Отношение к Переходам, в том числе к смерти, в традиционной культуре совсем иное, чем у нас сейчас. Намного спокойнее, и вместе с тем осознаннее и ответственней. Хотим познакомить с живыми свидетельствами такого отношения, записанными замечательным писателем, знатоком поморской культуры, Борисом Шергиным. Читаешь, и начинает складываться совсем иное понимание...
"Ответ отца".
Сын онежского кормщика, живший на Двине у судового строения, заболел. Придя «к кончине живота», он пишет отцу в Онегу:
«Государь батька! Уже хочу умереть. Поспеши притти и отпустить меня».
Отец отвечает ему:
«Сын милый, пожди до Похвальной недели. Буде можешь, побудь на сем свете с две недельки. Прибежу оленями. Буде же нельзя ждать, увидимся на будущем.
Но се аз, батько твой, отпускаю тебя, и прощаю, и прощения прошу».
***
"Марья Дмитриевна Кривополенова".
В 1924 году на Пинеге был недород, бесхлебица. Опять старухе пришлось себе и внукам добывать хлеб в скитаниях по деревням.
Однажды отправилась она в дальнюю деревню. Возвращалась оттуда ночью. Снежные вихри сбивали с ног. Кто-то привел старуху на постоялый двор. Изба была битком набита заезжим народом. Сказительницу узнали, опростали местечко на лавке.
Сидя на лавке, прямая, спокойная, Кривополенова сказала:
-- Дайте свечу. Сейчас запоет петух, и я отойду.
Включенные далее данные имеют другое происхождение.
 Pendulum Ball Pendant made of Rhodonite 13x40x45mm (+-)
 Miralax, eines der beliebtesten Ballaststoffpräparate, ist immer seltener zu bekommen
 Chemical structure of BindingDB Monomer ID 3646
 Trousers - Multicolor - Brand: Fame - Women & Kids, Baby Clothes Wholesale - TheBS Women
Сжимая в руках горящую свечку, Марья Дмитриевна произнесла:
-- Прости меня, вся земля Русская.
В сенях громко прокричал петух. Сказительница былин закрыла глаза навеки...
***
"Рассказ Соломониды Ивановны".
Татушка восьмидесяти годов помер. Болен не бывал, голова не баливала. В избушке сине от угара -- ему ладно. Сколько он зверя -- медведей, лисиц, куниц, росомах, белки, -- сколько птиц, сколько рыбы добывал!
...В умерший день с утра заскучал:
-- Подайте ружье, я хоть к сердцу прижму... Нет... Напромышлялся... Возьмите мое ружье!
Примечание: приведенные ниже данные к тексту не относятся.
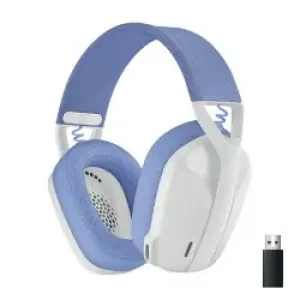 Logitech G G435 Lightspeed Cuffie Gaming Wireless Bluetooth - Over Ear Leggere, Microfoni Integrati, Batteria Da 18 Ore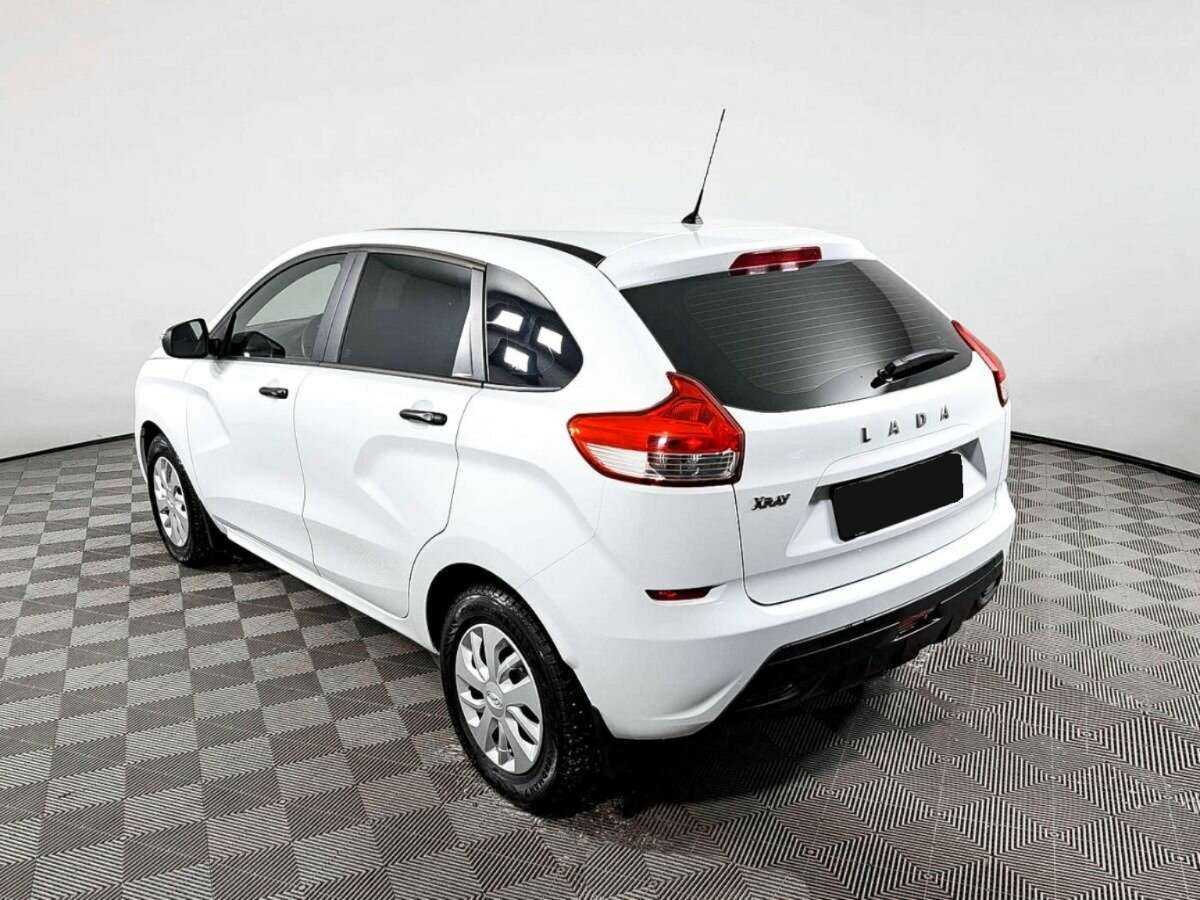 Купить Lada (ВАЗ) XRAY с пробегом. Фото: #6
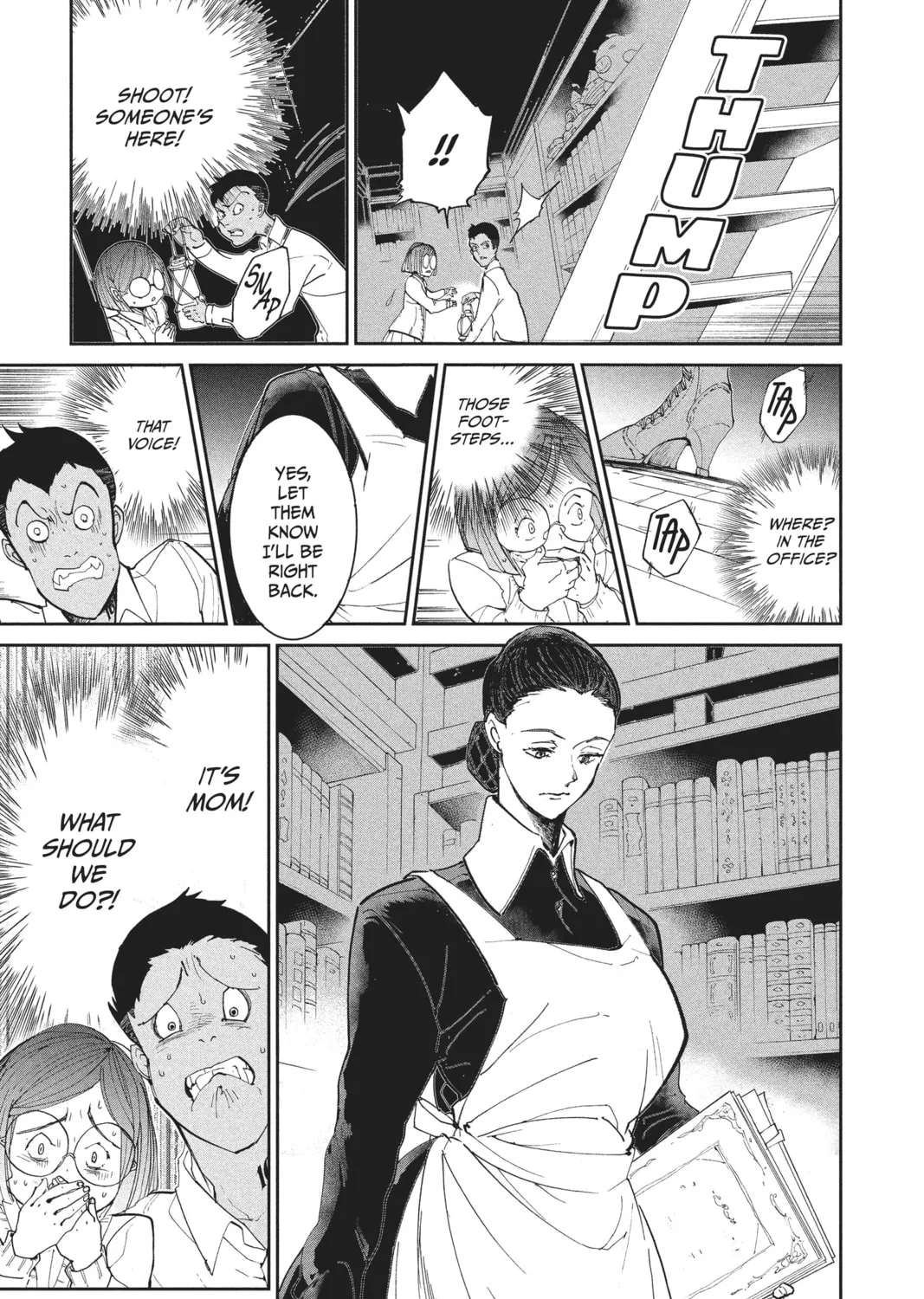 Read The Promised Neverland chapter 17 image 36 on Lezhin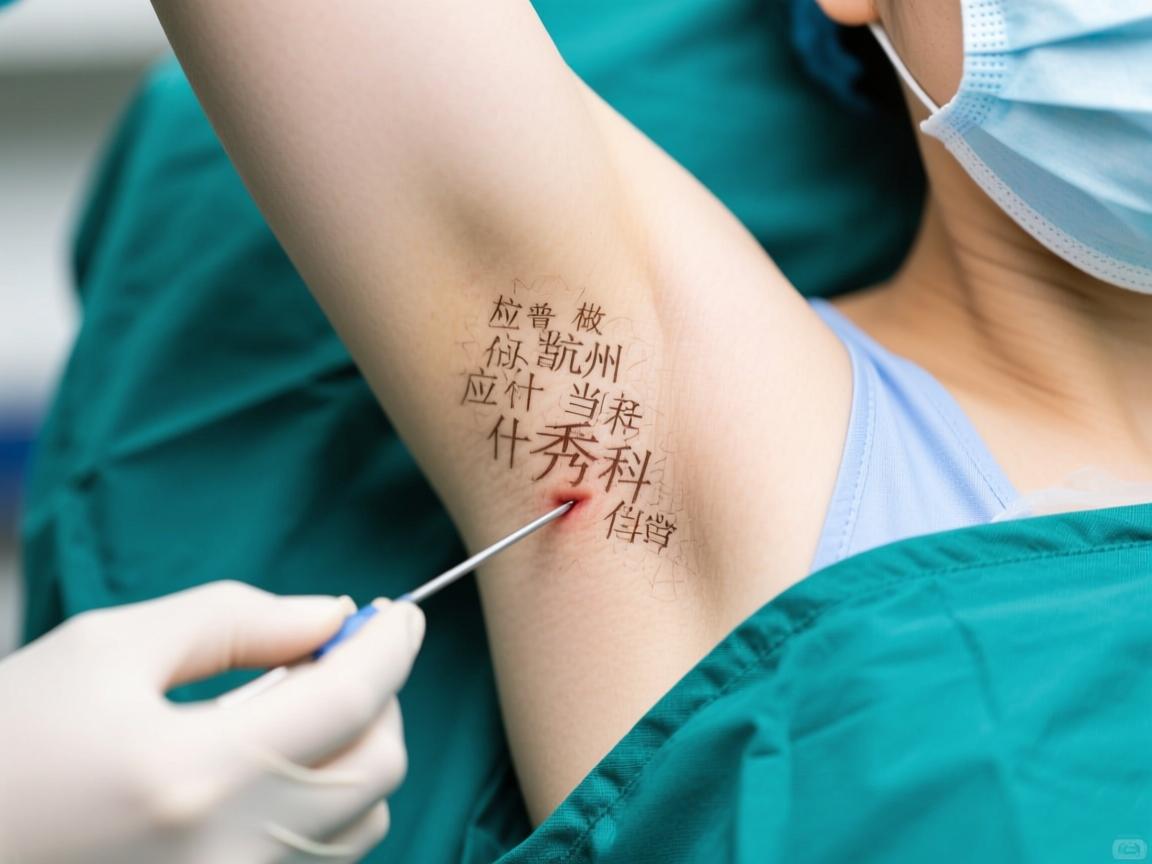 杭州腋秀科普,在杭州做腋臭手术应当挂什么科,详解腋臭科室选择 杭州腋秀科普,在杭州做腋臭手术应当挂什么科,详解腋臭科室选择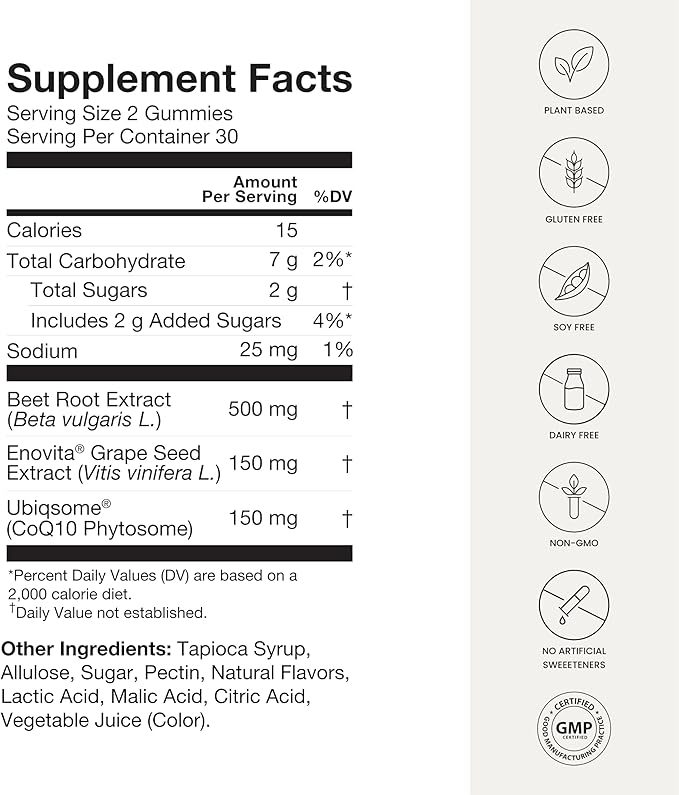 Humann SuperBeets Heart Gummies Advanced - Image 10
Лег на лавку. Больше и все. Я плакала ему:
Кого мы будем бояться?
Кто теперь будет грозить?
Все будем сами себе больши,
Все будем нарозь глядеть.
Некому будет связать...
***
"Старые старухи".
Однако через три года Олена Кирилловна заумирала не шутя.
Дочери говорят:
-- Мама, мы батюшку пригласили.
-- Созвали бы старух из Амбурской пустыни. Поп-то -- «ба-ба-ба», да и все. А наши-то старухи за рублевку три часа поют да поют.
Однако иерей явился.
-- В чем грешна, раба Божия?
-- Ну, батько, ты и толст, сала-то, сала! Ты светло загоришь в аду-то.
-- Тебя саму за эти слова в муку!
-- Я тоща, я худо загорю: головней возьмусь, да и... Ох, кабы кучей мучиться-то... Все бы веселее...
-- Раба Божия, я буду тебя исповедовать, ты отвечай.
-- Нет, ты мне отвечай! Вот скажи: кто меня так крепко, со всех сторон пожалеет, так обнимет, что уж не вывернешься?
Священник недоумевает, все молчат... Старуха рассмехнулась:
-- Могила, кто же больше!... Ну, простите. Не велю вам скучать.
Тут и все.
А тетка Глафира Васильевна, умирая, сказала:
-- Не хочу больше на Севере репу есть. Поеду по яблоки в южные страны.
Все отрывки взяты из рассказов Бориса Викторовича Шергина.